MATERIAL PROVIDED:
*-*-*

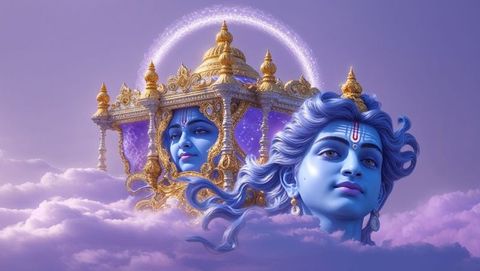 Surreal Blue Deity Heads with Golden Pavilion and Glowing Halo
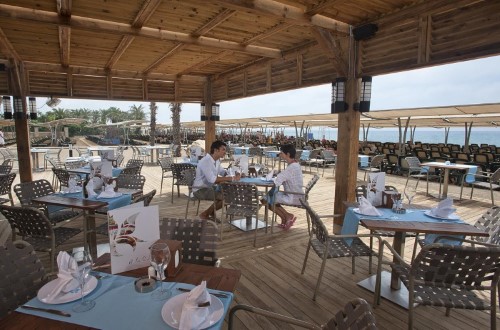 Outside terrace at Crystal Waterworld Resort in Belek, Turkey. Travel with World Lifetime Journeys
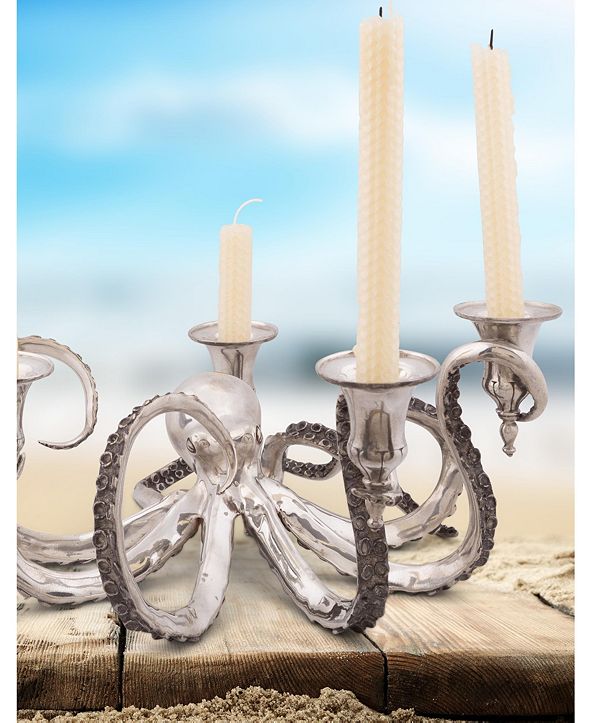 Vagabond House Pewter Metal Octopus Candelabrum Four Taper ...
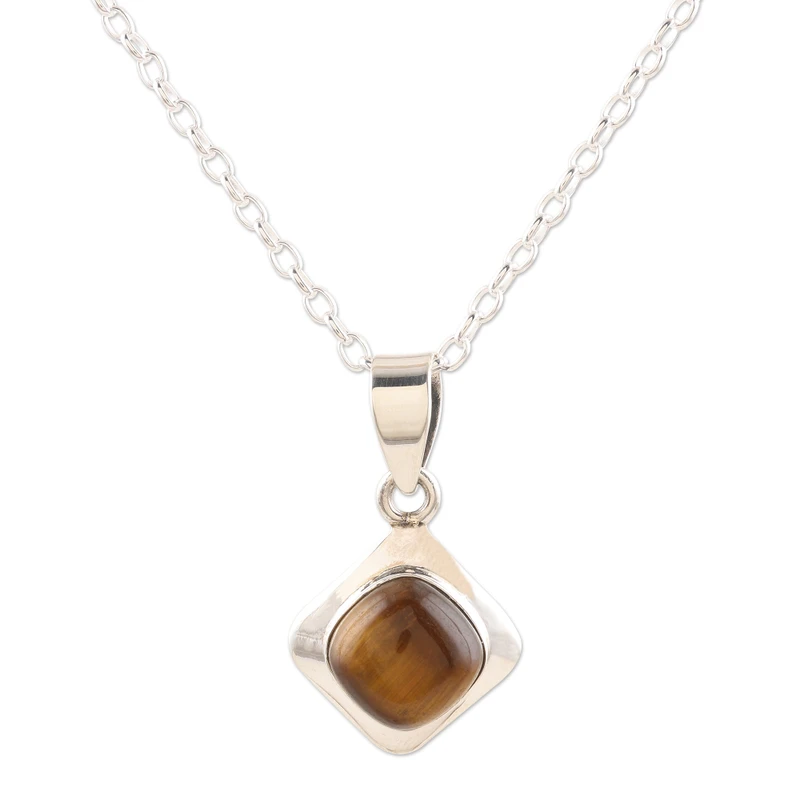 925er Sterlingsilber- und Tigerauge-Anhänger-Halskette, echte Edelsteinkette, 925er Sterlingsilber, böhmischer Schmuck, Geschenk für sie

*-*-*

Restate word for word, please, the line containing "Vagabond House Pewter" and all lines after it through the end of the material; the pictures do not belong in the copy.

ANSWER TO THIS PROBLEM:
 Vagabond House Pewter Metal Octopus Candelabrum Four Taper ...
 925er Sterlingsilber- und Tigerauge-Anhänger-Halskette, echte Edelsteinkette, 925er Sterlingsilber, böhmischer Schmuck, Geschenk für sie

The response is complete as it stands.